Thinking about myself regarding those questions, where am I compromising and will I be happy with the results? Because of my relationship to multiple college campuses I have a wealth of scanning hardware available. I can drive over to one or the other labs and use everything from one of the Epson V series scanners to a Hasselblad scanner to a new Braun FS120 just purchased last semester. The campuses where I work are still pretty much committed to film and so I get the hardware access. But the drive is a PITA. I have an Epson V600 at home on my desk and I'm taking that easy route. It's not as good as the Hasselbald scanner or that new Braun. But is it good enough and will I be happy when I've logged all the hours or will I be kicking myself and then doing the work over? As it is I'm going to die before I get this job done -- yeah, thousands.

Anyway, that's one option for you. Find a college campus (maybe Community College) where they have the hardware and the cost to audit a class gets you access. It could be a good way to go. One of the campuses where I teach (Community College) has a tuition deal for seniors. It's very common for them to audit a class to basically get darkroom access.

You have a Pentax DSLR. Is it equipped with Pentax pixel shift tech? This may be your best option. It will take some effort to set up a copy stage with light source and you may need a lens for the camera, but re-photographing the slides with a digital camera will eventually beat scanning hands down in terms of time. For a lens I would consider an adapter and used enlarger lens as a high quality low cost option.

Sending them out: You know, you get what you pay for. So much of the commercial low cost scanning is such rubbish. Yes there are some competent technicians out there, but not for half a buck per scan. You pay for people and this is a job where you need a technician and not just an automated machine.

Scanning them yourself: Ouch! It takes forever. You need the hardware. The age of scanning is in decline. There are less and less scanners (and good scanners) available every year. It's a simple supply and demand situation and so a good 35mm film scanner is going to cost you. You can shop used and that's probably the best way to go but then you're up against hardware compatibility issues. For example I have a Nikon Coolscan on a desk in an office on one campus. It used to be in the lab at the teachers work station but fell into disuse when driver software was no longer available that would run it with the new computers. Nikon long since stopped supporting it. I still use it but I'm the only one left on the campus that can. I went through the trouble of getting 3rd party driver software installed on my laptop and setting it up -- not always the easiest thing to do. There can be interface issues with used scanners.

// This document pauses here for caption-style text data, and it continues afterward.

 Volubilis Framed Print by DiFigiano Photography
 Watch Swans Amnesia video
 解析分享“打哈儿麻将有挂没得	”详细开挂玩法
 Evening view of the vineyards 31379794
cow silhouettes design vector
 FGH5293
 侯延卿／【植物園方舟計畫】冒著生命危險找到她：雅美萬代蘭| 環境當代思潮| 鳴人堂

At the same campus we also have a Nikon Coolscan 9000 sitting unused in a drawer; the interface is Firewire.

You can get an inexpensive scanner that will do a fair job with 35mm slides. Be sure you're happy with the results. These are typically multi-format scanners in a flat-bed configuration. I'm using my Epson V600 to scan 120 film right now. If I were scanning 35mm I'd be on campus and using that Nikon scanner. I can get a pretty decent 35mm scan from the Epson and maybe good enough for what you want, but I can see the difference when I scan with better hardware. As I said will I be kicking myself later that I'm using the Epson right now.

Hope some of that helps.

Joe


----------



## Designer (Jul 12, 2016)

smoke665 said:


> Or should I just use a commercial service and suggestions?

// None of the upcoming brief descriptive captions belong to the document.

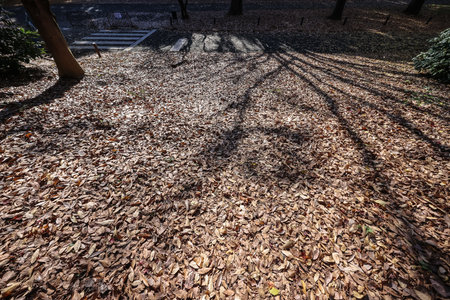Dec 4 2024 covered with dried autumn leaves, illuminated by soft sunlight,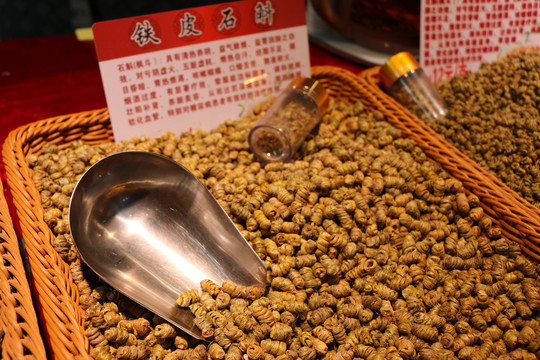 铁皮石斛
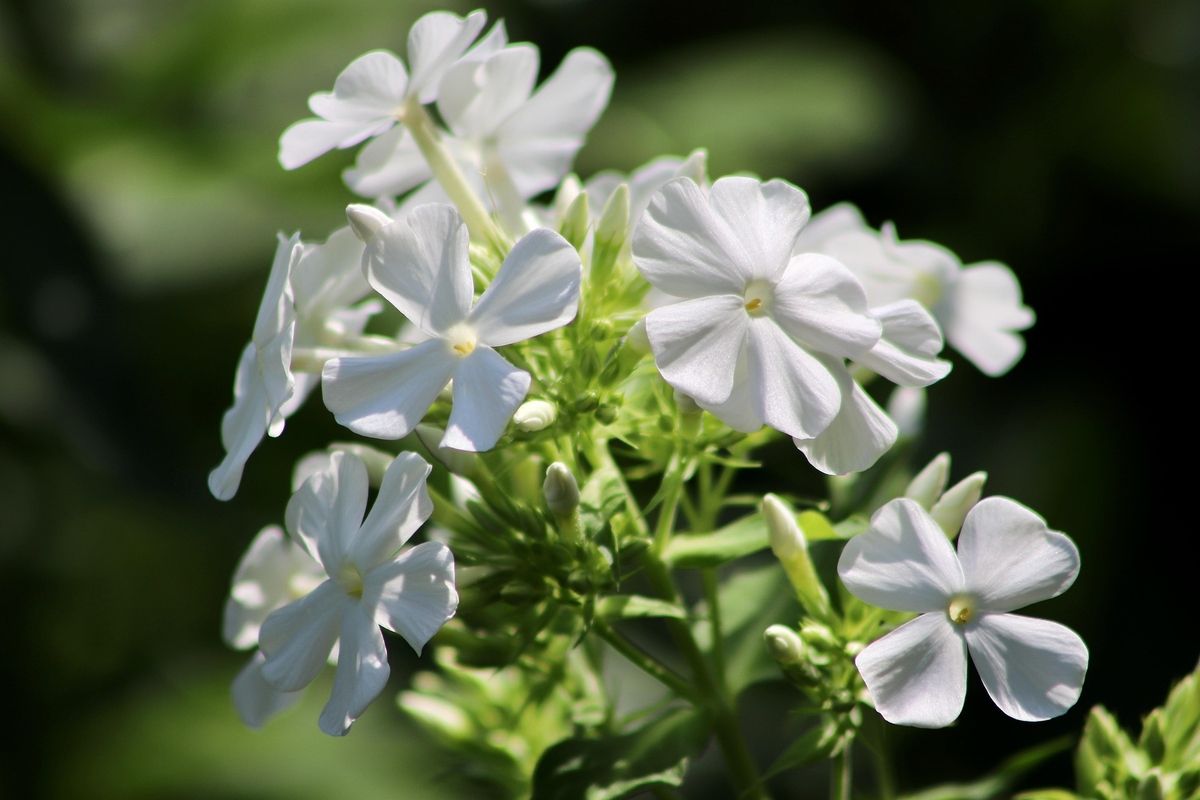 Grossblatt Phlox White Clouds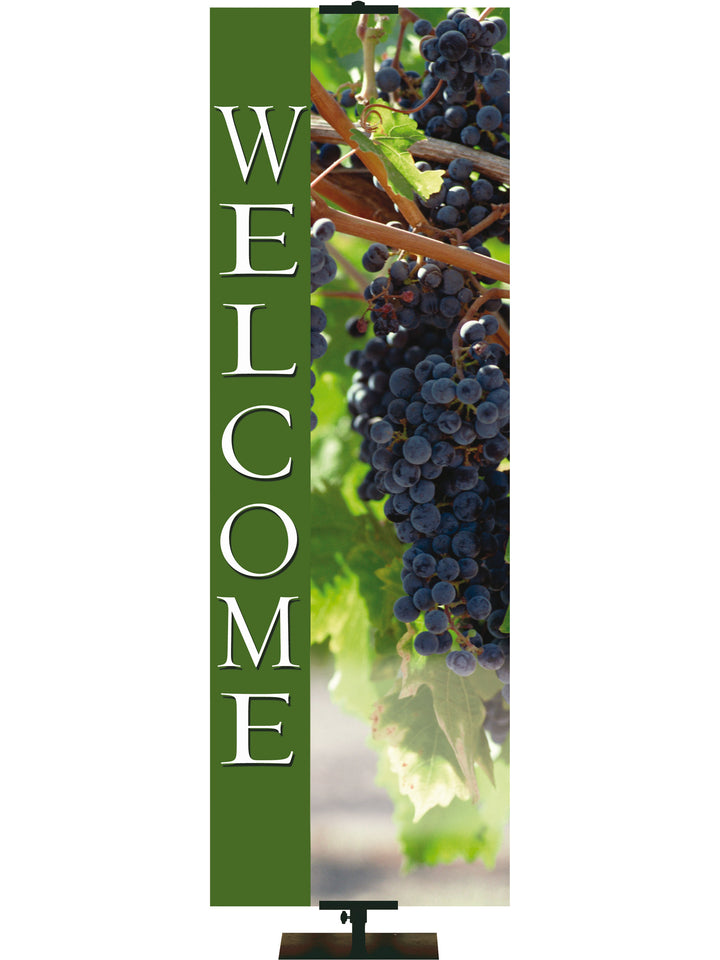 Grapes Stock Welcome Banner
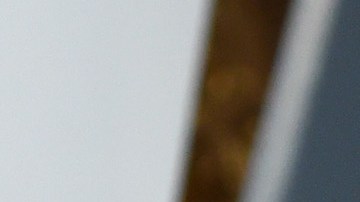 Sofía Vergara celebró su 44 cumpleaños rodeada de su familia.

There is a range of cost/results that you should consider.  You can probably find reviews online.  I once answered a solicitation for low-cost scanning, and here's the story:

They said they would clean the slides before scanning.  They did not.

I sorted through my slides and selected 750 for scanning.  This is something I needed to do anyway.

I sent that bunch off according to the instructions, making sure they were all oriented correctly and banded into groups of 50.  I asked for the slides to be returned, and I'm glad I did, because the whole project needs to be done again.  

They sent a DVD with the scans, and every piece of dust shows up.  I sent them a note expressing my dismay, and was informed that they don't clean them before scanning.  So my money was wasted, but at least I can still get them scanned after I clean them.


----------



## smoke665 (Jul 12, 2016)

Joe, the hardest part will probably be the pre-inspection part. Many of these dates back to my Father's shots so I'm sure that many are so far gone that unfortunately they will get pitched. That's a good idea on using the camera though that might depend on the final quantity. I'm still finishing up boxes of old prints some dating back into the early 1900'S. Surprisingly some of those are still decent


----------



## The_Traveler (Jul 12, 2016)

Ysarex said:


> but re-photographing the slides with a digital camera will eventually beat scanning hands down in terms of time.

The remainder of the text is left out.